• [What needs to be done] Every line below between the one holding "GoodCook™ Corer and Peeler Perspective: Main" and the one holding "Butler Auto Insurance", inclusive, should be copied exactly, and no other line.

• [Material for this task]
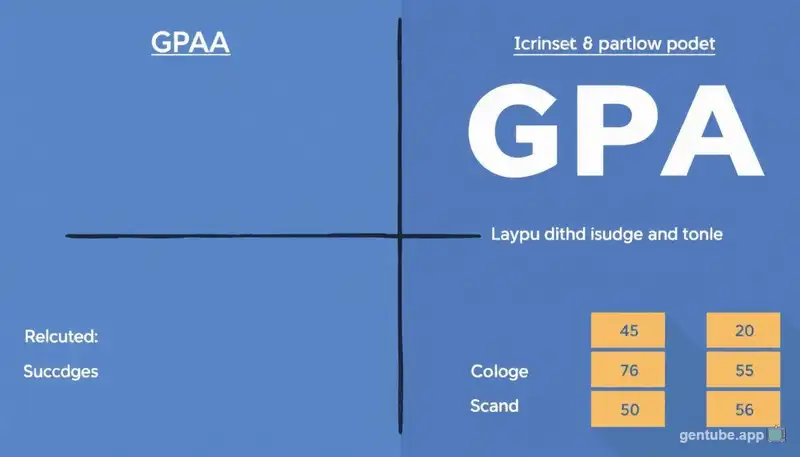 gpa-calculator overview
--
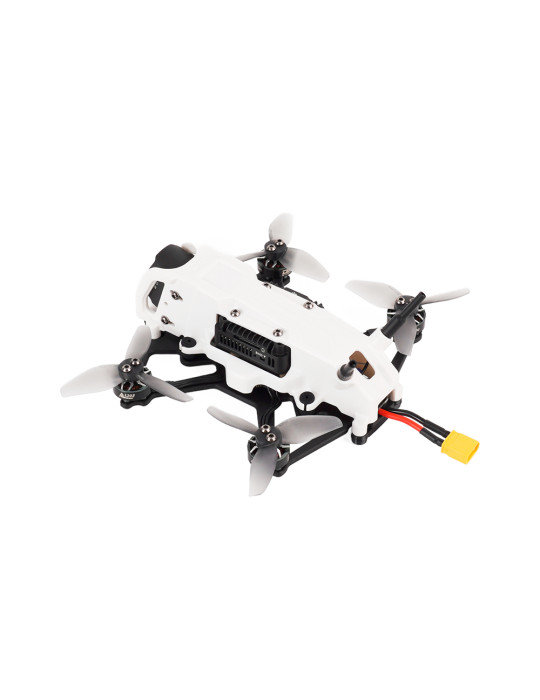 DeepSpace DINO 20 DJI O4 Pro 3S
---
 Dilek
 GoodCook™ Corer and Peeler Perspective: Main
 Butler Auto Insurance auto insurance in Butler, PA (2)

• [Exercise output]
 GoodCook™ Corer and Peeler Perspective: Main
 Butler Auto Insurance auto insurance in Butler, PA (2)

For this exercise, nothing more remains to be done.